(DATA SEGMENT begins)

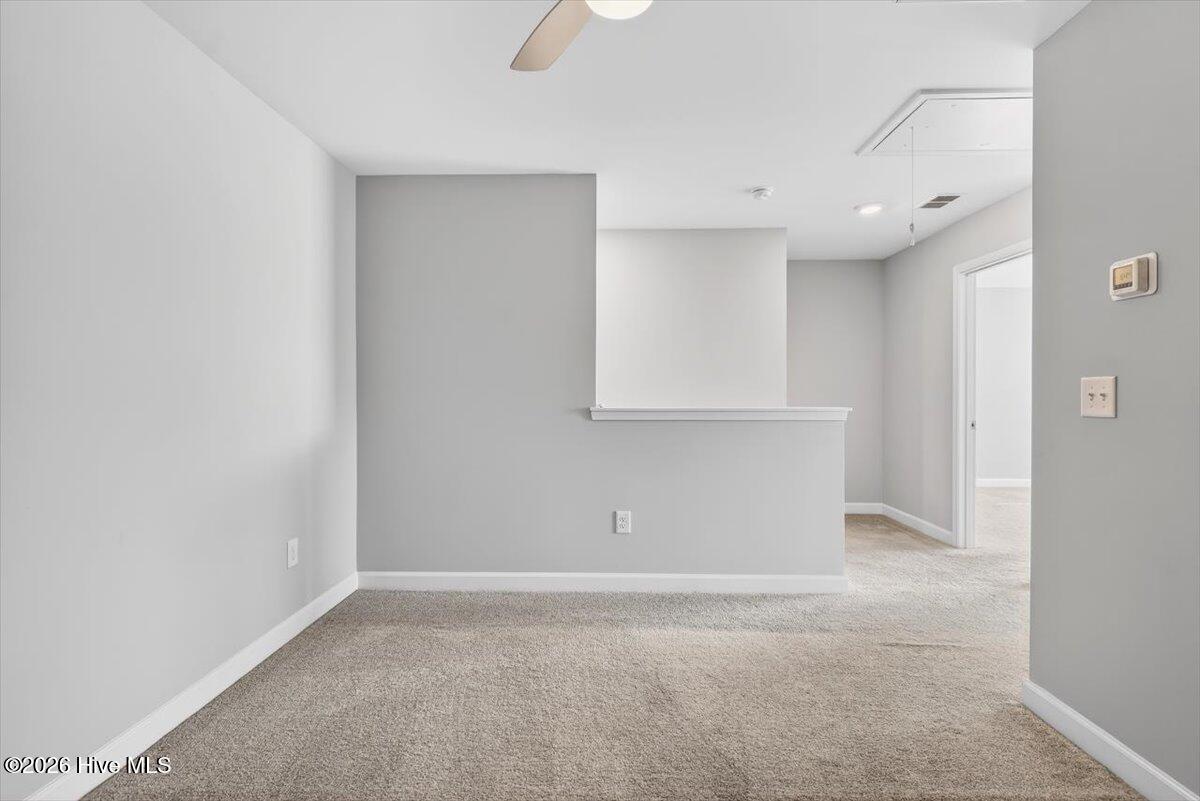 8840 Radcliff Drive Northwest Calabash, NC 28467 - Photo 34 of 54 Another view of the bonus space—perfect for entertaining, relaxing, or multi-purpose living.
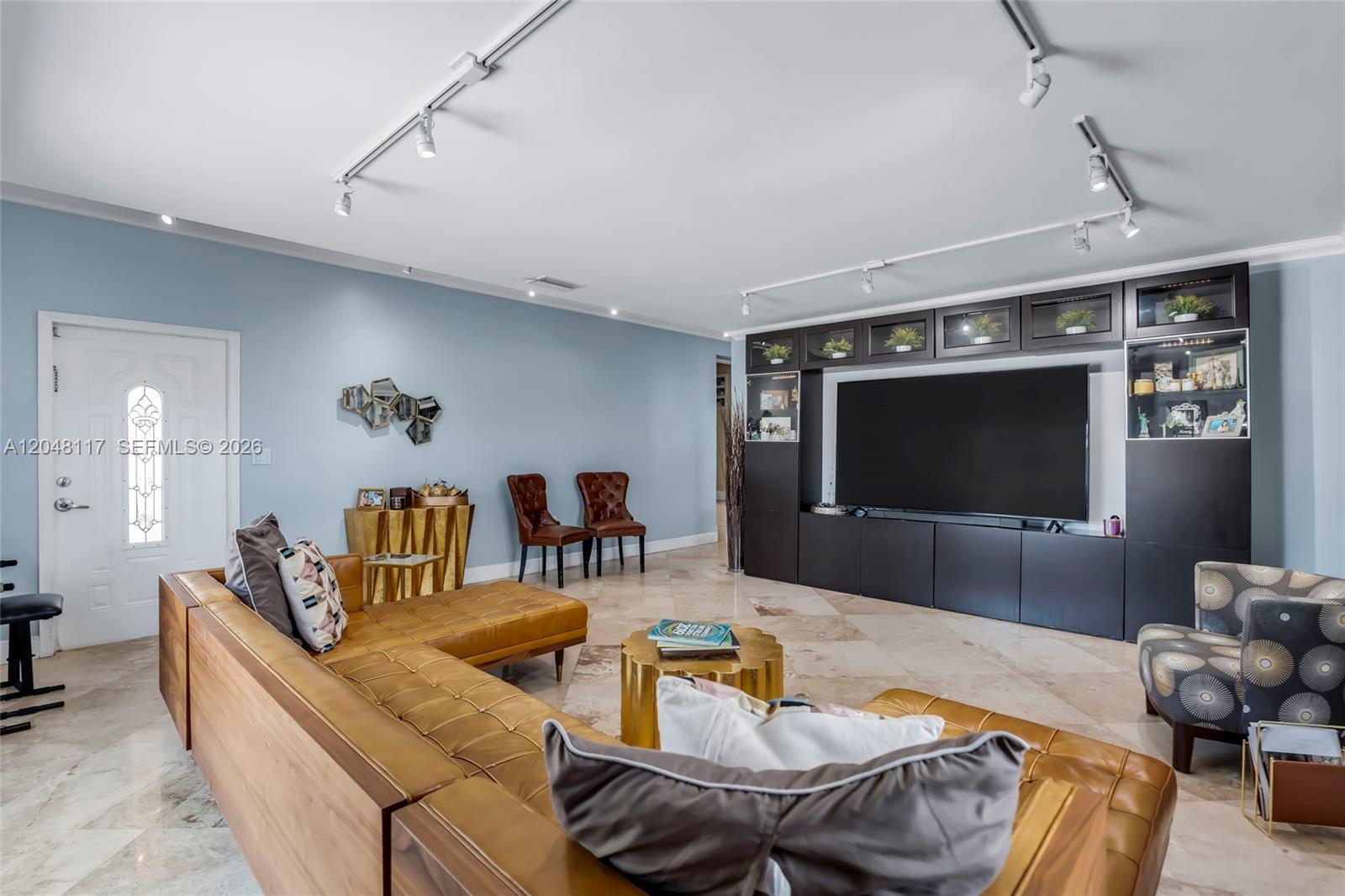 A living room features a large leather sectional, a dark entertainment center, and light blue walls — 114 SW SW 57th Ct, Miami FL 33144, MIAMI, FL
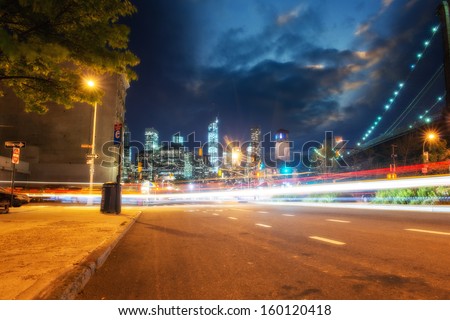 Skyline of Manhattan at sunset from Brooklyn streets with car light trails, New York.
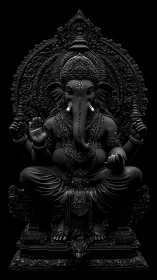 Dark monochrome Ganesha sculpture shows ornate divine presence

(DATA SEGMENT ends)

_EXERCISE BRIEF_
Apart from the pictures, every line above must be printed exactly.

_WRITTEN REPLY_
 8840 Radcliff Drive Northwest Calabash, NC 28467 - Photo 34 of 54 Another view of the bonus space—perfect for entertaining, relaxing, or multi-purpose living.
 A living room features a large leather sectional, a dark entertainment center, and light blue walls — 114 SW SW 57th Ct, Miami FL 33144, MIAMI, FL
 Skyline of Manhattan at sunset from Brooklyn streets with car light trails, New York.
 Dark monochrome Ganesha sculpture shows ornate divine presence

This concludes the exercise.